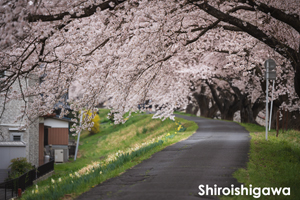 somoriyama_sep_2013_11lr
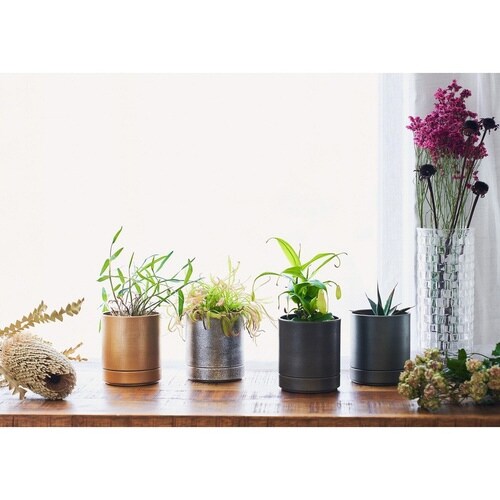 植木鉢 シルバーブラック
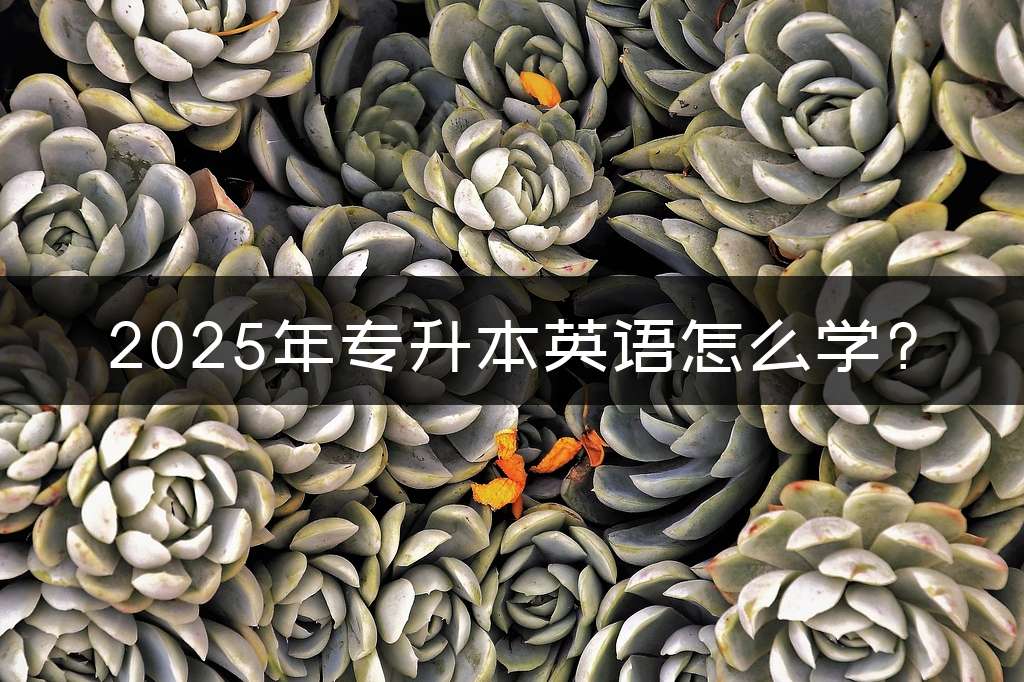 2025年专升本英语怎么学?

==

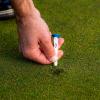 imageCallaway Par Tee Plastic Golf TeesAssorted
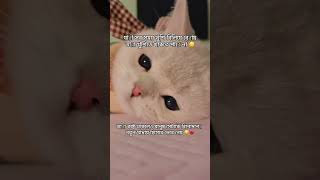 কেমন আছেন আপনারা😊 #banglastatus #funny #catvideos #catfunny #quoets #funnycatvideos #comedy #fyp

§ **Task requirements**
Go down the entries above from the line containing "somoriyama_sep_2013_11lr" to the line containing "2025年专升本英语怎么学?" and write out each line exactly, leaving pictures out.

§ **Answer section**
 somoriyama_sep_2013_11lr
 植木鉢 シルバーブラック
 2025年专升本英语怎么学?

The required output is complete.